**INPUT DATA**.

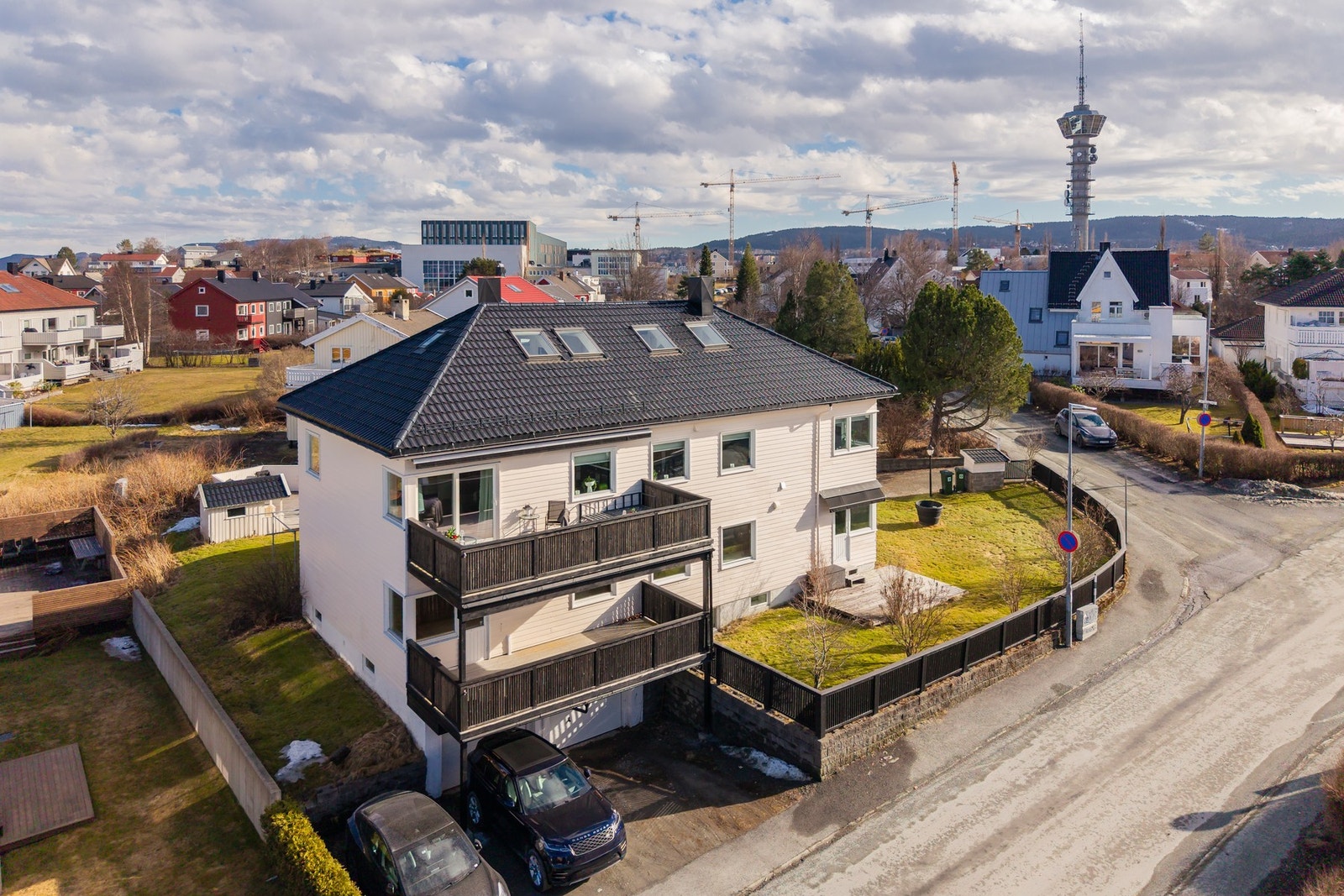 Eiendommen har ei svært gunstig plassering på ei romslig hjørnetomt på ca. 1 mål med innkjøring fra både Høilivegen og Dr. Sands veg. Galleribilde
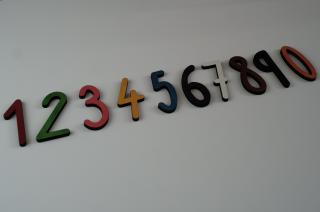 Dřevěné číslice a znaménka v montessori barvách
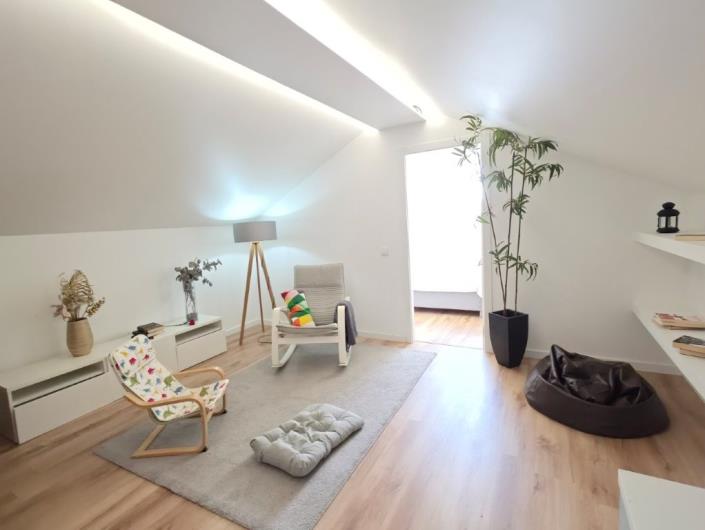 Image No.24-4 Bed Apartment for sale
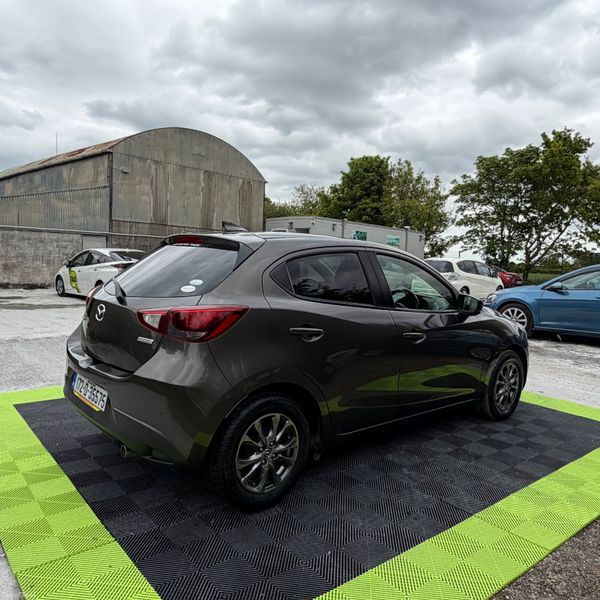 Mazda Demio 2017 Automatic 388099550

**TASK TO COMPLETE**. Give back exactly the lines from the line with "Dřevěné číslice a" through the end of the material above, and omit every picture.

**YOUR RESPONSE**.
 Dřevěné číslice a znaménka v montessori barvách
 Image No.24-4 Bed Apartment for sale
 Mazda Demio 2017 Automatic 388099550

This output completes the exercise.